Triona welcomes me with warmth that only an older Irish woman can have-chatting to me as if we were old friends the second time we meet. In our welcome meeting, she says that she wishes she could say Ireland was a better place for asylum seekers. For a country where generation after generation has been immigrants elsewhere, this country of all countries, should know how to treat asylum seekers. It reminded me of the Bible verse: “Also you shall not oppress a stranger: for you know the heart of a stranger, seeing you were strangers in the land of Egypt.” (Exodus 23:9)

Now, in principle I agree. But often enough over the past weeks, when talking with refugees or faced with their daily problems my first response has been to come up with an excuse or remind them that things could be worse. I walk out of these rooms and every time, even before I am in the hallway, I wonder why I responded as I did.

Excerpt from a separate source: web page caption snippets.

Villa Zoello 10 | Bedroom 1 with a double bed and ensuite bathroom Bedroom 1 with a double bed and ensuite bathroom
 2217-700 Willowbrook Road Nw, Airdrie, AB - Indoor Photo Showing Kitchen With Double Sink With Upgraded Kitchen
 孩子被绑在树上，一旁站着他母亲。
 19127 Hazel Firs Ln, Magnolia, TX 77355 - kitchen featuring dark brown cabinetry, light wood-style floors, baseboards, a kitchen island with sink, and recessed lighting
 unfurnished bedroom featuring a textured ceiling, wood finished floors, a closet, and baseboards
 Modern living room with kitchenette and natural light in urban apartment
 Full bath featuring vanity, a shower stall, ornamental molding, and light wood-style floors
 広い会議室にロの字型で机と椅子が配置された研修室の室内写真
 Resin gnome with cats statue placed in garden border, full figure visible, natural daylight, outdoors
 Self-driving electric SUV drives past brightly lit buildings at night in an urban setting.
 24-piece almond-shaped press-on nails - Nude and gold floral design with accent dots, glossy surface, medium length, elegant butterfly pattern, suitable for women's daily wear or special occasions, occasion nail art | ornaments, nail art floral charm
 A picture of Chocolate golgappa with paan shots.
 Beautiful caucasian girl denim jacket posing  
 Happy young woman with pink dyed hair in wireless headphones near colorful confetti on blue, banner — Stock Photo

It is not what I meant or even what I believe. And usually you want to be sympathetic, not unsympathetic. So why have I been responding the way I have? I think one part of it might be that I can see so clearly what it takes to make the system run. How easy it would be for system administrators to put asylum seekers in prison as holding places, as they do in the US, rather than direct provision hostels, troubled as they are. (And they are troubled, horribly: there is little privacy, even less inspection, outsiders are not allowed in, and basic things like food seem to be more a money making scheme for the providers than meant to provide what the asylum seekers need.) I can see how easy it is for politicians to cut the asylum budget, or not extend upper level health care to them. Of course I also see the middle-men getting rich while holding a hard line against the asylum seekers they provide for, but that too is easy to imagine: they are just doing their business, and their job-mandate is to make a profit. What is hard to imagine is the realities of being an asylum seeker. How can I even call up a scene of the conditions that would make one want to be an asylum seeker? The scenes are hard to imagine happening to me. Functioning in a new culture in a different language without freedom of movement and no community nearby and no Skype? It’s not only disparate from my experience (and there fore hard to fill in the details) but also unpleasant to imagine too closely. There are so many things you need and I know we don’t provide, I’d prefer not to think too closely.

One thing I did realize was that suddenly, in our interactions, I had become the establishment. Someone who was integrated in the system and knew how to get things done.

It had not been so on week two of my stay in Galway. On week two I was livid. I had been standing out in the cold, in an industrial park outside the city, in the dark, for two and a half hours. And I could think of at least six ways to run the system better.

With a few exceptions, everyone who arrives in Ireland and is not from the EU must register with the Garda (police). I had spent the last two weeks running around setting up a bank account in a fifteen-minute break and gathering letters from this office and that to bring to the Garda. And the day before I had cleared the whole day’s schedule (I was told it could take a while and you better not plan on doing anything else that day), and walked out to the practically hidden office, arriving puffing fifteen minutes after it opened-only to be greeted with sad smiles by other applicants. Clearly I was new. There were no tickets left. You had to arrive before the doors opened to get in the mad rush for tickets. How early had they arrived? 6am. And they might still be waiting at 1pm to even talk with someone. Some waited till 4 and were never seen the whole day.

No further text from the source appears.